Charles Burchfield’s landscape paintings are riveting. This painting, Sphinx and Milky Way, with its bat-like shapes, celestial falling stars, deep midnight blue and black center, flowers with faces, and symbolic points of light, pulls me in with a kind of intensity I’ve discovered in few others. Burchfield was an avid archivist and journalist. I have a large archive of my own that includes movie stills, design patterns researched from libraries, sketchbooks, and photographs that I jumble together to create new work. After years of collecting, the ideas behind my impulses are still being revealed to me. For this reason I was thrilled when I discovered Burchfield cited inspirations dear to my own work, and in a mania of excitement I started drawing parallels from these artists to what I feel, intuitively, is behind Burchfield’s mysterious landscapes. One such artist is Paul Bowles who wrote “The Sheltering Sky”(1949). I recall reading this book in my Berlin apartment with oil paintings drying around me, not realizing yet that they were taking the oxygen from the room, making me feel sick. So I thought, I’ll just lie down and read this book… When you read the main character’s first-hand telling of his experience as he catches an epidemic fever, you call me up. Like Burchfield’s paintings, that story reaches into you, grabs hold of you and pulls you into a state-of-being that is profound, dark and terrifying.

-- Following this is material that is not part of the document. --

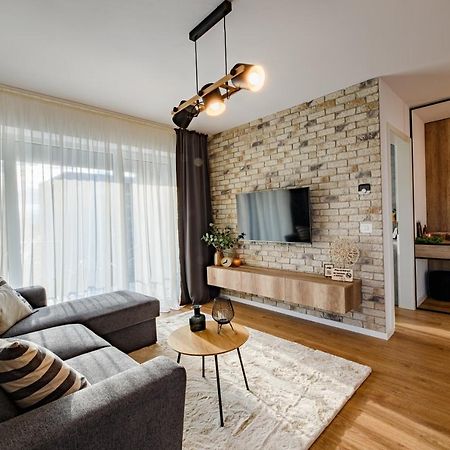 Ara Apart Hotel Brasov Ngoại thất bức ảnh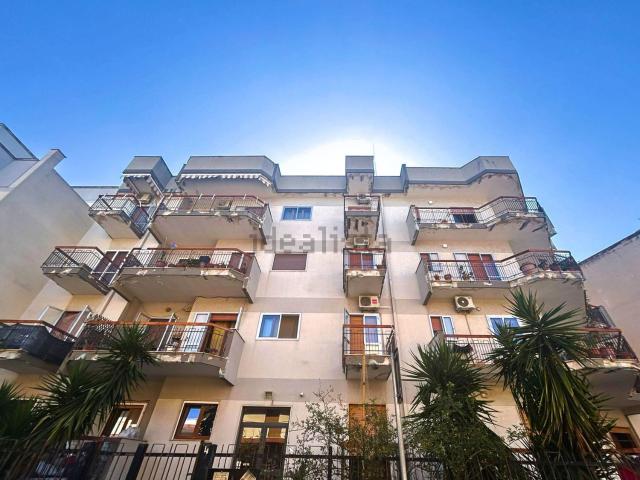 Appartamento in vendita di 128 m² in Via C. Colombo, 4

Burchfield was born in a small town in Ohio in 1893. He graduated from the Cleveland Institute of Art then returned home to live with his mother until he was 28. He describes his early years living at home as his “Golden Years” of painting. For the next twenty years he worked as a wallpaper designer in Buffalo, attaining fame and success with his painting. However, it was not until the age of 51 that he returned to what he considered his great body of work, the fraught landscapes of his “Golden Years.” He took his early sketches and began adding paper on the sides and at the bottoms to elaborate the scenes. In notes he cites going back to many of his earliest influences, including the Norwegian writer Knut Hamsun. They shared a love for life lived in nature and of deep isolation. Speaking from personal experience, the cold, overcast winters of Norway, Buffalo and Ohio are interchangeable and hence a similar presence in the work of the two artists. Hamsun pioneered “psychological literature” which incorporates stream of consciousness and dialogue from within a character’s mind. Hamsun took from Dostoyevsky and later influenced Thomas Mann, Kafka, Hermann Hesse and Hemingway. There is strength and conviction in Hamsun’s writing, a passion bordering on dark insanity. It is Hamsun’s total immersion in nature and his description of invisible forces that I see in Burchfield’s stylized depiction of the natural world.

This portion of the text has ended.